Ofir Zigelman grew up in Israel, served in the Israel Defense Forces’ elite intelligence unit, and is now working on two degrees – an MBA at the Wharton School and an MPA at the Harvard Kennedy School. He is about to enter his third and final year of the combined program, and spent the summer interning in product management at Amazon.

“I chose Wharton because of its academic rigor, and Harvard Kennedy School because I wanted to learn more about globalization and economic development,” Zigelman said. “Amazon gives you a lot of ownership, even as an MBA intern, to solve big and interesting problems. I was given a project this summer to work on that will have a direct impact on the experience of hundreds of millions of customers and how they interact with Amazon.”

After deciding to apply, he says the hiring process was very efficient. “I met with a few Amazon people over a few days, and I had an offer shortly after. The hardest interview question was when I was asked to design a new digital product for Amazon. I was asked how I would manage it, and when I answered, it turned out that my interviewer was a product manager who was actually working on something very similar.”

Zigelman says that the purpose of questions like that were to see if he understood tech trends, and to find out if he had the appropriate combination of analytical and qualitative skills for product management.

After he accepted his offer, and after he finished the school year, Amazon helped him relocate, setting him up in company housing close to the Amazon campus.

Work Hard. Have Fun. Make History:

This summer, he interned as a product manager in Amazon’s Search and Discovery group, and he says he started each day by presenting what he was working on to the group. “It’s a good way to get feedback,” he says. “I’ve worked in a tech environment before, but this internship has still been different from a typical business environment. I got to work closely with developers and experts, and then go back to my desk and analyze how that affects the product.
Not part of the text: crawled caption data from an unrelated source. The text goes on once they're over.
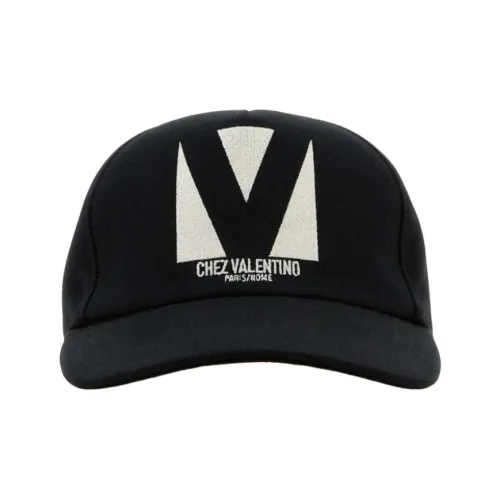Valentino Хлопок Бейсболки Мужские Черные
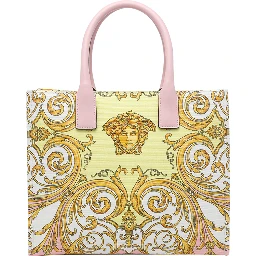 Small La Medusa Printed Tote Bag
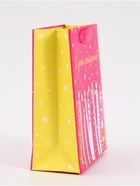 Пакет подарочный «С Днём рождения. Свечи», 12×15×5.5 см - Фото 3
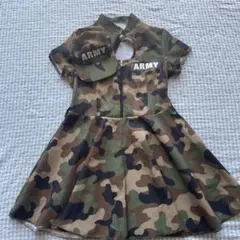 迷彩柄 ARMY ドレス & キャップ セット　Halloween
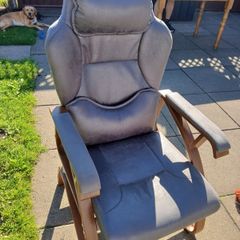 Leather armchair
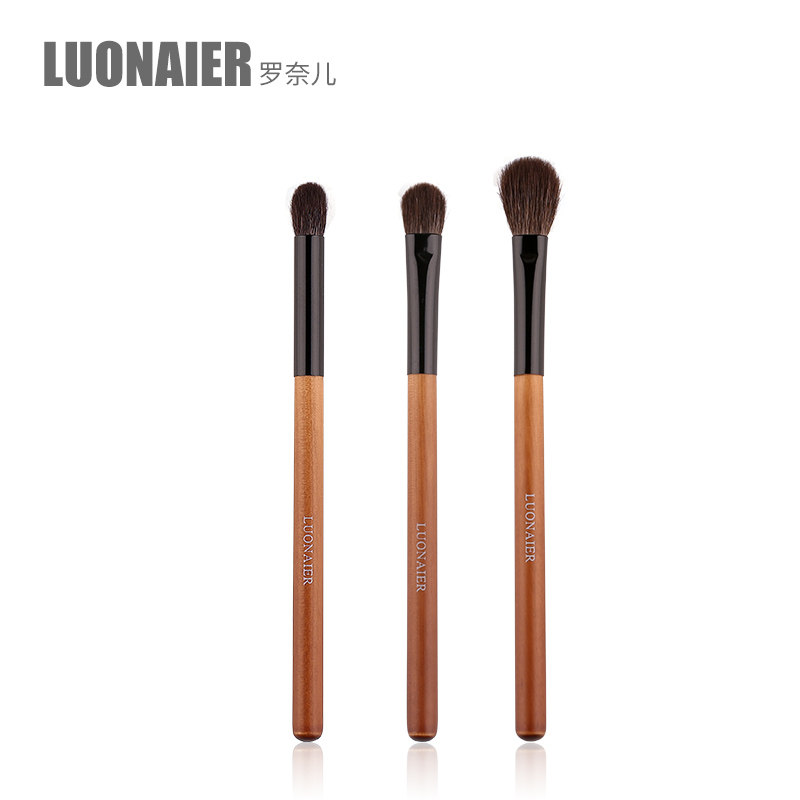 Ronel squirrel hair eye shadow brush set of three brushes eye makeup brush animal hair nose shadow brush primer brush smudge brush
“Amazon Search and Discovery helps hundreds of millions of shoppers – spending tens of billions of dollars annually – find what they want, get what they need, and discover what they’ll love. The group is obsessed with automation, leverage technologies, and massive amounts of data and machine-learning.
“I mostly worked with engineers and machine learning PhDs, so it was a very exciting environment to be in.”

Additionally, he says he got to work with teams in London, India, and China, and that it was very interesting seeing how product management works internationally.

“Wharton’s MBA is a very data-driven environment, so analytics and product management weren’t new to me. At the same time I definitely learned a lot about refining a product into something that customers will love. It’s been very interesting to see how Amazon thinks about what their customers will want. It will definitely be valuable to anything that I work on in the future.”

Zigelman says that Amazon’s motto “Work hard. Have fun. Make history” accurately depicts how things are at the company. “One of the highlights of this summer was that everyone I worked with was really smart. It’s a culture that encourages debate and getting to the bottom of things to find the right answer.”